Malgré plus d’une décennie d’efforts internationaux pour protéger les espèces de requins menacées, une nouvelle étude révèle que le commerce illégal d’ailerons de requin reste répandu et persistant à travers le monde. Les recherches menées par les biologistes marins Diego Cardeñosa de l’Université internationale de Floride et Demian Chapman, directeur du programme de recherche sur la conservation des requins et des raies au Mote Marine Laboratory & Aquarium, mettent en évidence un décalage important entre la réglementation et la réalité.
L’ampleur du problème
L’étude, publiée dans Science Advances, se concentre sur Hong Kong, une plaque tournante majeure du commerce des ailerons de requin. Les chercheurs ont découvert que les ailerons de 4 des 5 espèces de requins réglementées par la Convention sur le commerce international des espèces menacées (CITES) se trouvent régulièrement sur les marchés de Hong Kong, malgré un commerce légal minime signalé depuis 2014.
L’analyse génétique a révélé des disparités alarmantes. L’étude a révélé qu’il y avait 70 fois plus de nageoires de requins océaniques et 10 fois plus de nageoires de requins-marteaux que ce à quoi on pourrait s’attendre sur la base des rapports légaux.
Règlements CITES et leurs limites
En 2013, la communauté mondiale a reconnu la gravité du problème et a imposé des réglementations commerciales sur cinq espèces de requins particulièrement vulnérables : trois grandes espèces de requins-marteaux (habonné, lisse et grand), le maraîche et le requin océanique. Ces réglementations exigent que tout commerce soit déclaré et certifié pour garantir qu’il ne menace pas la survie des espèces.
Cependant, les chercheurs ont noté qu ‘«il existe un écart énorme entre ce qui existe sur papier et ce qui se passe dans le monde réel». L’inscription de ces espèces à l’Annexe II de la CITES autorise le commerce uniquement s’il est légal, traçable et durable. Pourtant, la majorité – 81 % – des pays qui exportent des ailerons de requin n’ont jamais signalé de commerce de ces espèces inscrites, ce qui suggère fortement des exportations illégales en cours.

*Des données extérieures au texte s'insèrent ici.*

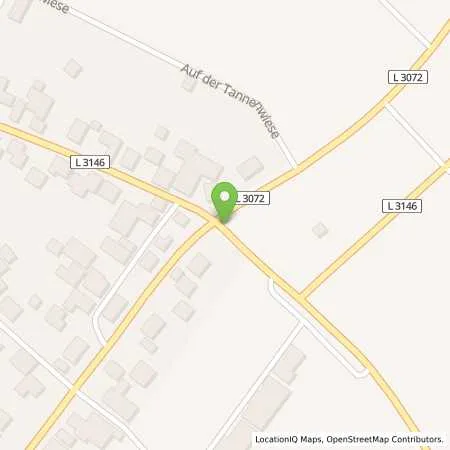 Standortübersicht der Tankstelle MUECKE/BERNSFELD - HOMBERGER STR. 2 in 35325 Muecke/Bernsfeld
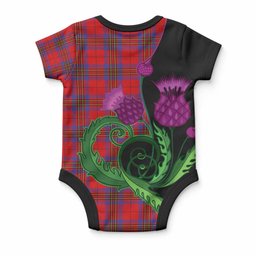 Leslie Tartan Baby Onesie Traditional Scottish Thistle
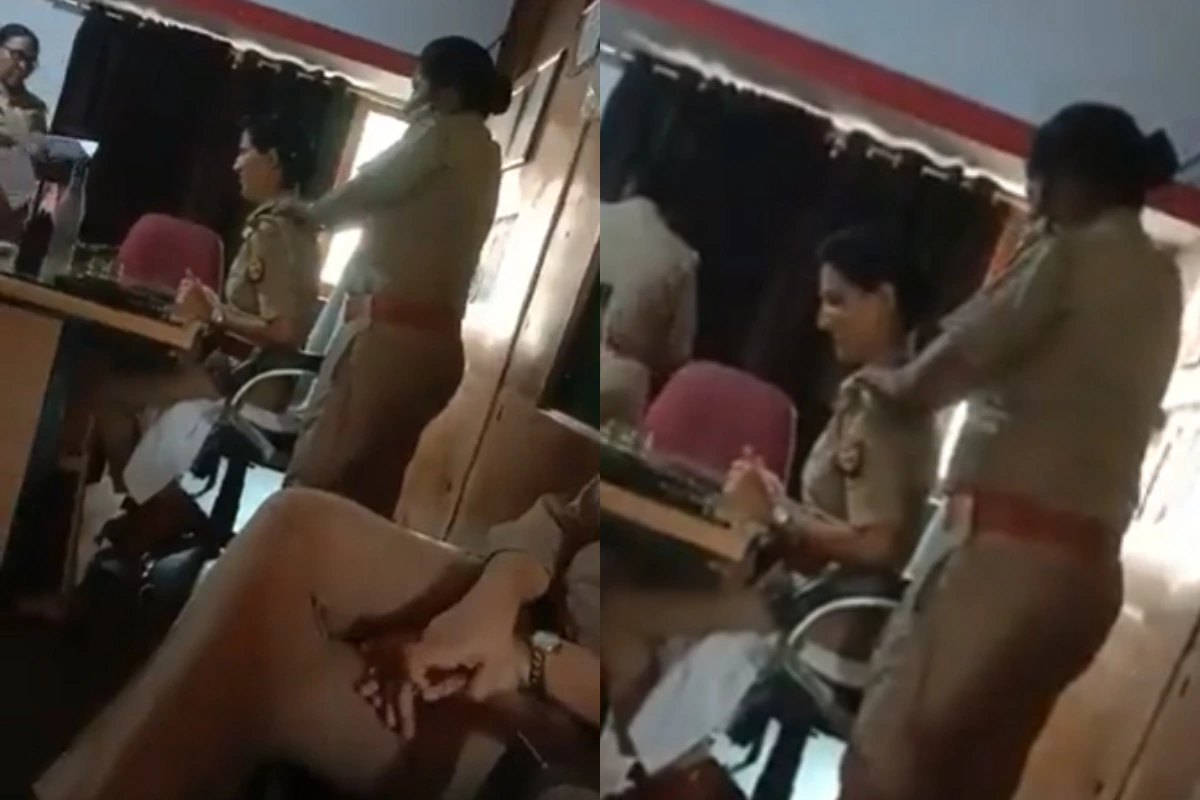 UP: थाने में सिपाही से मसाज करा रही थी महिला SHO, वीडिया वायरल होने पर गिरी गाज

Méthodologie : suivi des nageoires grâce à l’analyse de l’ADN
L’étude a analysé les registres commerciaux et effectué des analyses ADN approfondies sur près de 20 000 échantillons d’ailerons de requin collectés sur les marchés entre 2014 et 2021. Ce suivi génétique a révélé que le commerce illégal s’étend sur tous les continents et implique de nombreux grands pays de pêche. L’équipe de recherche a signalé plusieurs pays soupçonnés d’être impliqués à un haut niveau dans le commerce illégal d’ailerons de requin, notamment l’Espagne, Taiwan, les Émirats arabes unis, les Philippines, le Ghana et le Brésil.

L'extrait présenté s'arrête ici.